Эта особенность его творческой методологии отразилась и в сборнике его эссе «Гения убить недостаточно». Он стремится писать не сухие академические экзерсисы, а острые, увлекательные рассказы.
Дело в том, что во второй половине ХХ века и на рубеже миллениума в мировой литературоведческой науке наметился серьёзный кризис. Многие специалисты стали составлять узкоспециализированные тексты, используя наукообразную лексику, которая получила негласное обозначение – птичий язык. Причиной этого чаще всего является дефицит оригинальных мыслей и самостоятельных оценок, когда автор лишь жонглирует умными словами, которые подчас понятны только «посвящённым».
В результате – катастрофически сократилась аудитория таких сочинений. Статьи и книги Белинского, Аполлона Григорьева, Розанова, Бахтина, Кожинова были понятны любому мало-мальски вдумчивому читателю, а нынешние материалы, где пестрят перцепции, амплификации и прочая парадигматика, нужно изучать со словарём специальных терминов.

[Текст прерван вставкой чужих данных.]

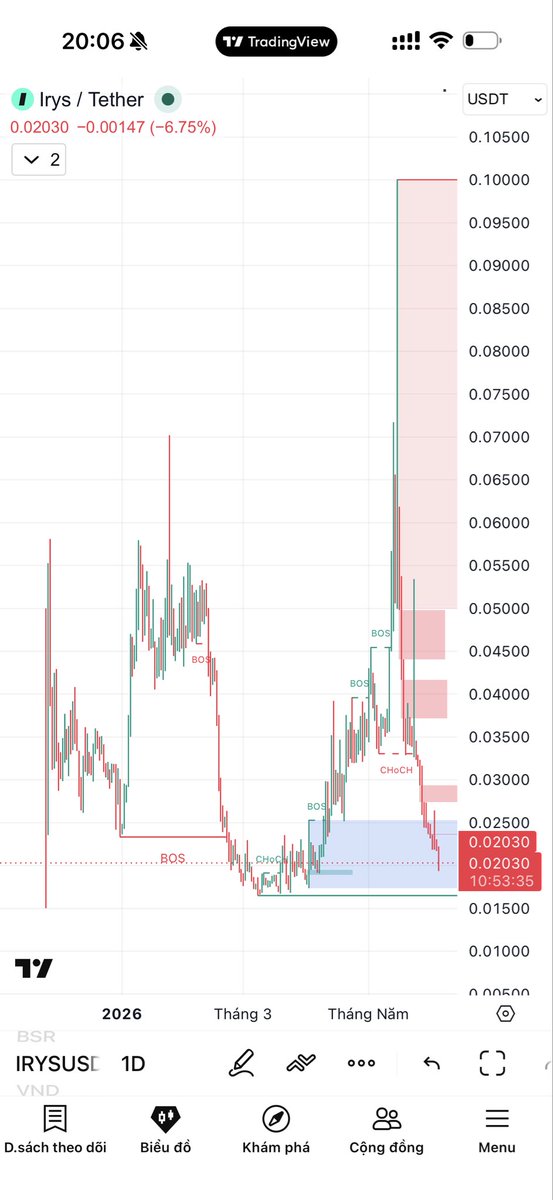 BTC_Knowledge1's tweet photo. Buy irys:native here https://t.co/OjGUumlc6g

Несомненно, литературоведы чувствовали проблему, с которой столкнулись, и старались решать её (каждому ведь хочется не вещать на келейную публику, а быть услышанным в широких кругах). На помощь пришли медийные формы. Ираклий Андроников произносил увлекательные монологи, которые пользовались большей популярностью, чем кропотливое изучение лермонтовского наследия. Выходили к микрофону и телеобъективу Юрий Лотман, Эдвард Радзинский, Александр Панченко… Высоко чтимый автором сборника Михаил Гаспаров после высоколобого стиховедения выпустил книгу «Занимательная Греция».
По этому пути следует и Владислав Отрошенко. Его эссе читабельны, какой бы страницы мировой культуры он ни касался: загадочной истории со ссылкой Овидия, трагической жизни Шопенгауэра и Ницше, удивительных отношений Катулла с Лесбией, любовных связей Тютчева, редакторской судьбы Томаса Вулфа, интереса писателей к карточной и не только игре («Пиковая дама», «Маскарад», «Свадьба Кречинского»), работы Андрея Платонова над записными книжками…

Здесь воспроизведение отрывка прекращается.